MATERIAL TO PROCESS.
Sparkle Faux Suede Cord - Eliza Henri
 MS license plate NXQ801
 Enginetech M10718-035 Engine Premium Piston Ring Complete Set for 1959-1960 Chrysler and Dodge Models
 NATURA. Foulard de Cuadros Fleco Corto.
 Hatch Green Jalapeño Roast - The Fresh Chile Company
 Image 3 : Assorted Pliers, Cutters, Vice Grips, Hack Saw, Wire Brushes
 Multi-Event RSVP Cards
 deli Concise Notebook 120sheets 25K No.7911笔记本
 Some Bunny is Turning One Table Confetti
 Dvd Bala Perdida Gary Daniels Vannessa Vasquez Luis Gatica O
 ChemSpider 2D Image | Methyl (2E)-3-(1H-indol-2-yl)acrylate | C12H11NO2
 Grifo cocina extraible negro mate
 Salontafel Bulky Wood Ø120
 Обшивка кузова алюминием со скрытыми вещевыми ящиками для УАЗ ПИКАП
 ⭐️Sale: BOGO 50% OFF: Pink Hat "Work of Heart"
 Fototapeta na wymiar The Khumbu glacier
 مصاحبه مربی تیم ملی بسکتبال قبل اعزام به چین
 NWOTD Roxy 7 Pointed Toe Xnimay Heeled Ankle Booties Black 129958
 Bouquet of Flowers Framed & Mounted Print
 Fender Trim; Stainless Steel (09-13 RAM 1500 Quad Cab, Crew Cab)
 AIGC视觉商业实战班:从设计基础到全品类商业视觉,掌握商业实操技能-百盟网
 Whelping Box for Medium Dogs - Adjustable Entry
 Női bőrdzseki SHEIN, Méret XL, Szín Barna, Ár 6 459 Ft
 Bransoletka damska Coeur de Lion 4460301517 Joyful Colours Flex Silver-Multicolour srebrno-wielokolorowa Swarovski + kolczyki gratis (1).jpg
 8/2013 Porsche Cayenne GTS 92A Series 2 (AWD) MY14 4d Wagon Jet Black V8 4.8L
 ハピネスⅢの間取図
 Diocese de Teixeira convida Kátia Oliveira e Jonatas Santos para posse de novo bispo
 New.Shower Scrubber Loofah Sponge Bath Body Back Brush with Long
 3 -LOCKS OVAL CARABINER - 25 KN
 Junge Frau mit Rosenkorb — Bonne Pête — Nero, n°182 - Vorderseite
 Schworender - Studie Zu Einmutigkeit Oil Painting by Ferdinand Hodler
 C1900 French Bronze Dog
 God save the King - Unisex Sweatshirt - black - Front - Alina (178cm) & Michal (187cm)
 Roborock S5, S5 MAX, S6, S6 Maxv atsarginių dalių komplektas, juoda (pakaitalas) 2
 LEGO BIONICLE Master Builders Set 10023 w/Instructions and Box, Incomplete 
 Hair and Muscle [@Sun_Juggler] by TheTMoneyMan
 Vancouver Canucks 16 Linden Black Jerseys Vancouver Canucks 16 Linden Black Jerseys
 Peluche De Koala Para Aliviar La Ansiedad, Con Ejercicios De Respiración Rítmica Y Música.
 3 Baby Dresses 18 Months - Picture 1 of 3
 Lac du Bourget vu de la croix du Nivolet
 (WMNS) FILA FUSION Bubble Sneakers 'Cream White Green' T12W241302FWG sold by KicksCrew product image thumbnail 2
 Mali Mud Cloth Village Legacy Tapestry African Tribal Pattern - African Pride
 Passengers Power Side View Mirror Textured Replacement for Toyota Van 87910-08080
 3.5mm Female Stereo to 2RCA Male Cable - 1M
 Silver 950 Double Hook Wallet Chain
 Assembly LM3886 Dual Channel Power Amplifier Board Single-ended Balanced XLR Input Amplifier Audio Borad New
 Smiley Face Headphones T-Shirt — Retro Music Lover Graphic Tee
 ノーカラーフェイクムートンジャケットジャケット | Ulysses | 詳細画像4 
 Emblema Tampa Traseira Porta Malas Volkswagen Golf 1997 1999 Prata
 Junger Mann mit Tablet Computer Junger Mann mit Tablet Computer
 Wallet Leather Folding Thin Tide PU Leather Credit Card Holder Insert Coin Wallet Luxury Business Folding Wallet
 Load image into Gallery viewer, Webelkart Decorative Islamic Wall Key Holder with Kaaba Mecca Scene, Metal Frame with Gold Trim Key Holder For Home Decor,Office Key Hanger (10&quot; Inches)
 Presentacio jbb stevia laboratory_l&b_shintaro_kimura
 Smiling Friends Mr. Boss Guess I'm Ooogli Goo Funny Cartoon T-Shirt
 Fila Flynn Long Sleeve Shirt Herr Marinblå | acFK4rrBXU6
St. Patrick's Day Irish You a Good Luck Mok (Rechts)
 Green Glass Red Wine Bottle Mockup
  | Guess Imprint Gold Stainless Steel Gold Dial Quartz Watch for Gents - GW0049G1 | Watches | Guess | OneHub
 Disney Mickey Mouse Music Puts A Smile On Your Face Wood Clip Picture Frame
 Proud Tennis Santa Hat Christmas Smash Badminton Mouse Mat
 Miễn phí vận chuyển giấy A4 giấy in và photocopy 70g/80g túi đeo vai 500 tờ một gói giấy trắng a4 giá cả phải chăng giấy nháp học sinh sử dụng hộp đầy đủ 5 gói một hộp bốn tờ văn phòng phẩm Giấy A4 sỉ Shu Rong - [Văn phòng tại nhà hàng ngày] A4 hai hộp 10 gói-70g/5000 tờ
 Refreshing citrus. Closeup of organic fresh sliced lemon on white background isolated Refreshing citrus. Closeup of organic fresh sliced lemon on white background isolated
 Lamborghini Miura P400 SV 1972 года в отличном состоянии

WORK TO COMPLETE.
Extract from the listing above the lines between the line containing "Whelping Box for" and the line containing "Mali Mud Cloth", keeping both of those lines. Output nothing else.

RESULT FOR THIS TASK.
 Whelping Box for Medium Dogs - Adjustable Entry
 Női bőrdzseki SHEIN, Méret XL, Szín Barna, Ár 6 459 Ft
 Bransoletka damska Coeur de Lion 4460301517 Joyful Colours Flex Silver-Multicolour srebrno-wielokolorowa Swarovski + kolczyki gratis (1).jpg
 8/2013 Porsche Cayenne GTS 92A Series 2 (AWD) MY14 4d Wagon Jet Black V8 4.8L
 ハピネスⅢの間取図
 Diocese de Teixeira convida Kátia Oliveira e Jonatas Santos para posse de novo bispo
 New.Shower Scrubber Loofah Sponge Bath Body Back Brush with Long
 3 -LOCKS OVAL CARABINER - 25 KN
 Junge Frau mit Rosenkorb — Bonne Pête — Nero, n°182 - Vorderseite
 Schworender - Studie Zu Einmutigkeit Oil Painting by Ferdinand Hodler
 C1900 French Bronze Dog
 God save the King - Unisex Sweatshirt - black - Front - Alina (178cm) & Michal (187cm)
 Roborock S5, S5 MAX, S6, S6 Maxv atsarginių dalių komplektas, juoda (pakaitalas) 2
 LEGO BIONICLE Master Builders Set 10023 w/Instructions and Box, Incomplete 
 Hair and Muscle [@Sun_Juggler] by TheTMoneyMan
 Vancouver Canucks 16 Linden Black Jerseys Vancouver Canucks 16 Linden Black Jerseys
 Peluche De Koala Para Aliviar La Ansiedad, Con Ejercicios De Respiración Rítmica Y Música.
 3 Baby Dresses 18 Months - Picture 1 of 3
 Lac du Bourget vu de la croix du Nivolet
 (WMNS) FILA FUSION Bubble Sneakers 'Cream White Green' T12W241302FWG sold by KicksCrew product image thumbnail 2
 Mali Mud Cloth Village Legacy Tapestry African Tribal Pattern - African Pride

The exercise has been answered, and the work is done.